- Born: 1985 (age 40–41) Ife, Nigeria
- Education: California College of the Arts; University of Alabama in Huntsville;
- Occupation: Visual artist
- Known for: pastel, charcoal, pencil, black pen ink
- Website: toyinojihodutola.com

= Toyin Ojih Odutola =

Nigerian visual artist

Toyin Ojih Odutola (born 1985) is a Nigerian-American contemporary visual artist known for her vivid multimedia drawings and works on paper.

Lonely Chambers (T.O.), 2011, pen ink and marker drawing on paper, by Toyin Ojih Odutola (Image courtesy of the artist, Jack Shainman Gallery, Adam Green Art Advisory and the Green Family Art Foundation.)

== Early life and education ==
Ojih Odutola was born in 1985 in Ile-Ife, Nigeria, where both her parents were teachers. In 1990 her mother, Nelene Ojih, took Toyin and her two-year-old brother to the United States to accompany their father, Dr. Jamiu Ade Odutola, in Berkeley, California, where he was undergoing research and teaching chemistry at the university. After four years in Berkeley, the family moved to Huntsville, Alabama in 1994 where her father became an associate professor at Alabama A&M University and her mother a nurse. Ojih Odutola is of Yoruba and Igbo descent from her paternal and maternal heritage, respectively.

In 2007, while an undergraduate, she participated in the Norfolk Summer Residency for Music & Art, from Yale University in Connecticut. Shortly after in 2008, she received a Bachelor of Arts degree in Studio Art and Communications from the University of Alabama in Huntsville. In 2012, she earned a Master of Fine Arts degree from California College of the Arts, in San Francisco.

== Career ==
While studying at California College of Arts in San Francisco, she presented her first solo show in New York, "(MAPS)" at Jack Shainman Gallery in 2011. It was composed of a collection of individual black figures in decontextualized white backgrounds drawn in layers with a ballpoint pen. The ideas behind this series of skin as geography introduced her as a new voice in the visual representation of black skin.

Forbes featured Ojih Odutola in its 2012 list of 30 notable individuals under 30 in the category "Art & Style."

In 2015, her solo museum exhibition, "Untold Stories," at the Contemporary Art Museum St Louis, introduced storytelling and text into her work, marking a shift in her studio practice.

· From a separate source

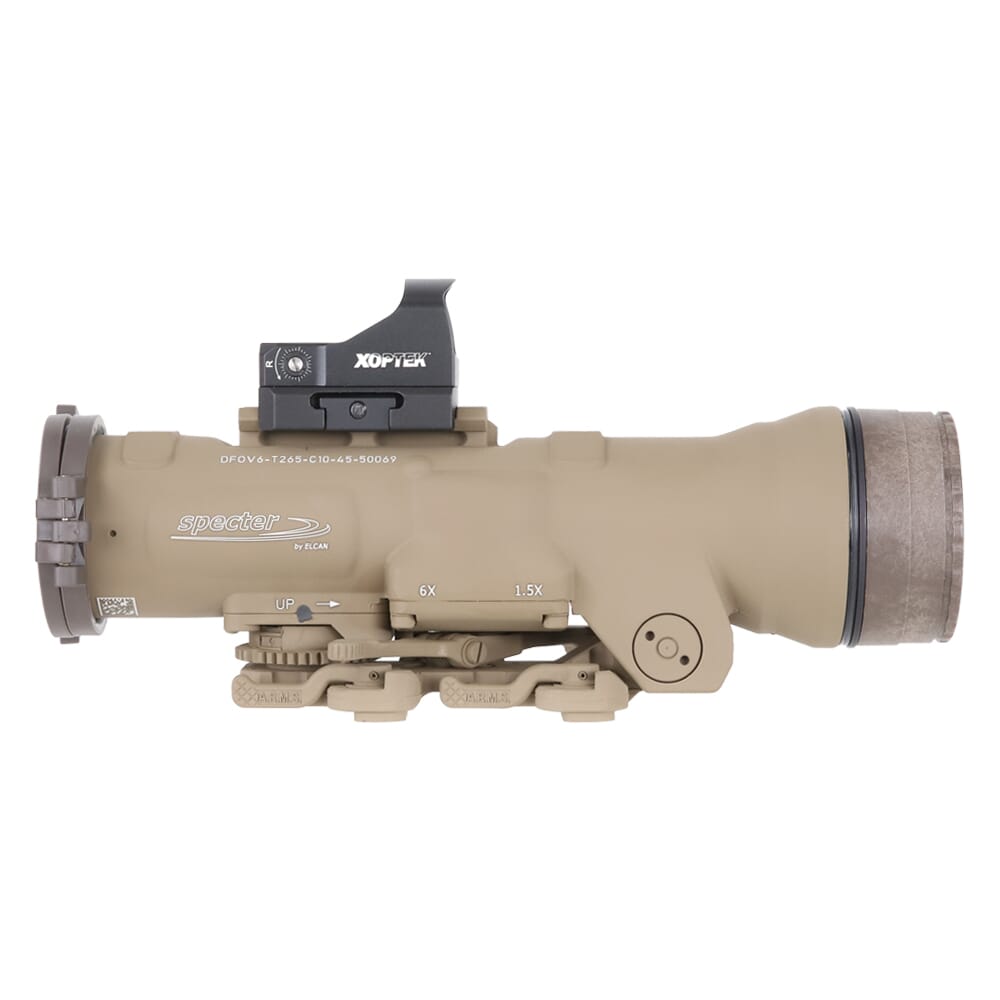Elcan SpecterDR 1.5x/6x 5.56mm FDE Riflescope w/Flip Covers, ARD, & 3MOA XOPTEK DFOV6-T265-C10-X3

In 2016, she presented "A Matter of Fact," a solo exhibition at the Museum of the African Diaspora, in San Francisco, exploring a new style of works she developed during her residency at Headlands Center for the Arts, in Sausalito, California.

Her work was the featured cover story for Juxtapoz Magazine in November 2017, on the occasion of her museum solo exhibition, "To Wander Determined," at Whitney Museum of American Art, in New York. The exhibition presented a vibrant series of figures connected by a fictional narrative of two aristocratic Nigerian dynasties, who are joined by the union of titled sons from both families. Ojih Odutola introduces the portraits as the private collection from these families, which are of different upper-class origins unencumbered by the history of colonialism. The premise behind the portraits being fictional invites the audience to decipher the truth behind them.

She was appointed the Lida A. Orzeck ’68 Distinguished Artist-in-Residence for the academic year of 2017 to 2018 at Barnard College in New York.

In 2018, she participated in the 12th iteration of the Manifesta international biennial, in Palermo, Italy, with her solo presentation, "Scenes of Exchange."

In September 2018, she was nominated as one of the 21 shortlisted artists for the Future Generation Art Prize for 2019, presented in a group exhibition at the PinchukArtCentre in Kyiv, Ukraine, which subsequently traveled to be included in a collateral exhibition for the 58th Venice Biennale in 2019.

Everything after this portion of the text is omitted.